See, that was not so hard. (By the way, I hope you got it all out of your system, because as far as I know, there’s not going to be talking during the Rabbi’s sermon.)

People come to synagogues for many reasons: for prayer, for reflection, for spiritual renewal, for education. None of these need a special building — you can pray and reflect at the top of Cowles Mountain (or, for that matter, at the bottom and save the hike), and you can certainly feel spiritually renewed watching the sun set over the Pacific. You can read and study in a library, at home, or even in Starbucks if you have an IPad.

So what does a synagogue offer you? A community. When I said Kaddish here, for my mother, may she rest in peace, I didn’t feel less sad, or miss her less. I still miss her. I miss her now. But I felt less alone.

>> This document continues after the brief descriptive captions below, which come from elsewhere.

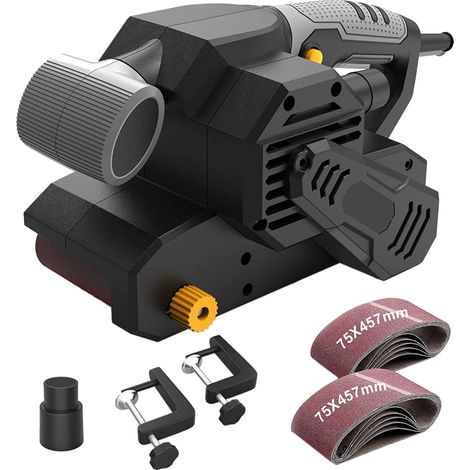 Levigatrice a nastro 2 in 1 (650 W, 280 m/min, 142x76 mm, 12 nastri abrasivi, sacchetto, cavo 3m)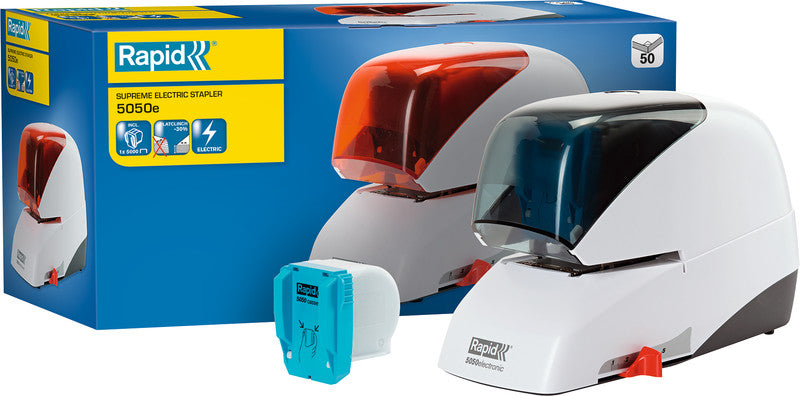 Rapid 5050e – Elektrischer Hefter, Flat-Clinch, verstellbarer Papieranschlag, Einlegetiefe 50 mm, Weiss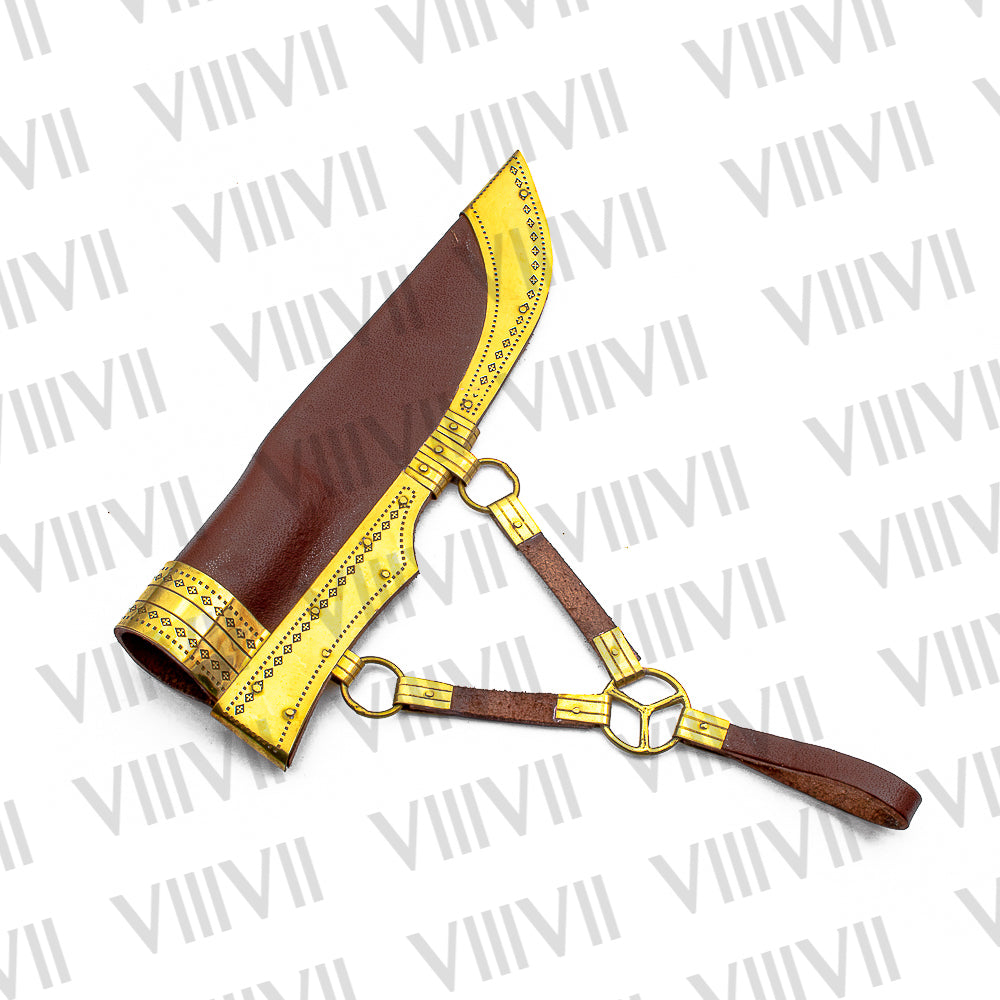 Viking Knife with Stainless Steel Blade | Engraved Bone Handle & Brass-Decorated Leather Sheath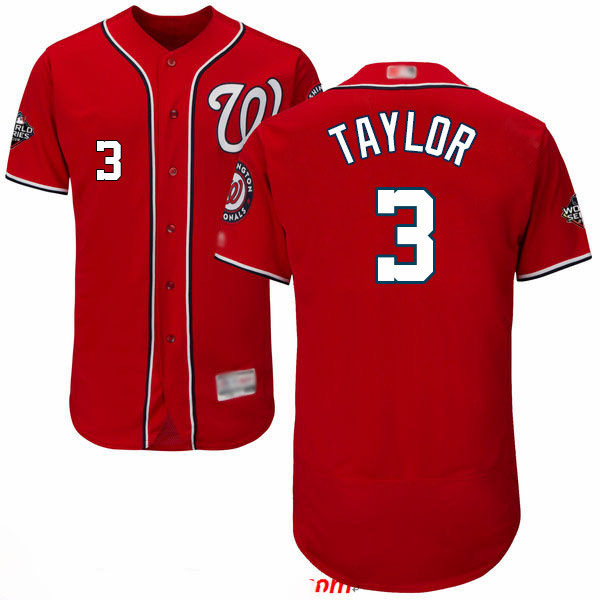 Nationals #3 Michael Taylor Red Flexbase Authentic Collection 2019 World Series Bound Stitched Baseball Jersey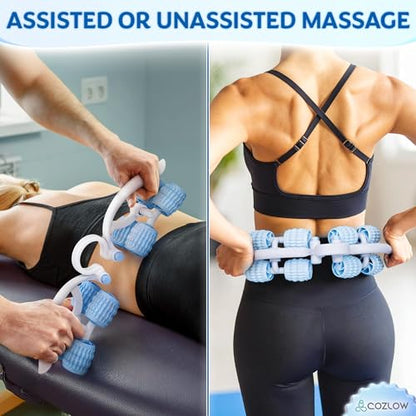 COZLOW Leg Massage Roller - Adjustable Arm Belly Massager Roller Stick to Reduce Cellulite Appearance - Deep Tissue Myofascial Release Tool - Lymphatic Drainage Massaging Tool - color: Blue/White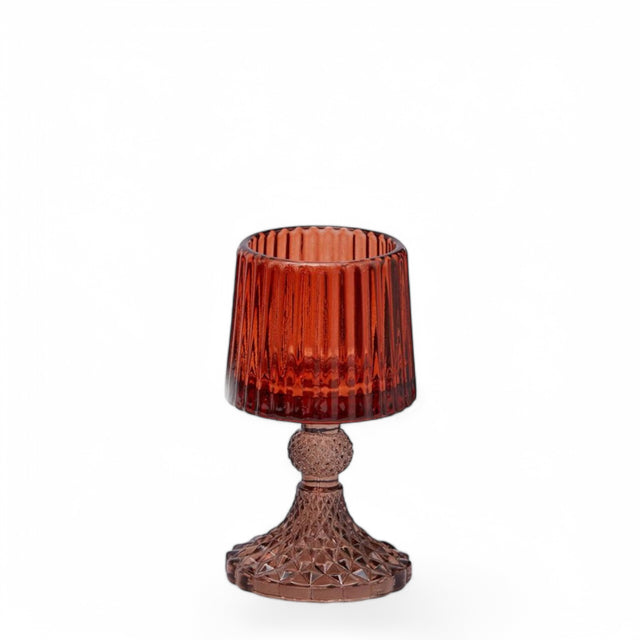 Portacandela lampada EDG in vetro rosso rosa 15x8,5 cm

When, just one year later, I held my infant son here during new baby Shabbat, I didn’t love him more, and I wasn’t more proud of him. That would not have been possible. But I got to watch him become part of my family, and part of my world. And I got to feel myself as a father by watching my community see me as one. And it made my life richer.

I’m not here to speak with you tonight about God, or our religion. Those topics are for the Rabbi. But I do know about the hunger for connection, and the real need to feel part of an extended family, to belong. This synagogue is my community, and yours. It takes little more than just showing up to be part of this community. Just come, show up, be here. This is your community.

When I moved to San Diego more than 13 years ago, I made the rounds of the Conservative and Orthodox shuls. At Tifereth Israel someone made a point to say Hi to me and introduce themselves, so I came back. And Tina Friedman, thanks for chatting with me that Shabbat morning – that’s why I chose this shul over the others in San Diego. That’s why I’m here now. Tonight someone said hello to all of you, and wished you well. And you reached out and met someone new. Next year, or the year after that, when you have, God willing, something wonderful in your life, the people you met tonight may be there to celebrate with you. And if, God forbid, you suffer a loss like I did, those people who were strangers when you walked in tonight might be the friends who come to sit shiva with you. Because that is what a community is for. And this is your community.

Tifereth Israel Synagogue. Tradition. Community. A future with you.

I wish each of you a meaningful fast and a year filled with joy. May you be inscribed, and sealed, in the Book of Life. Shabbat Shalom.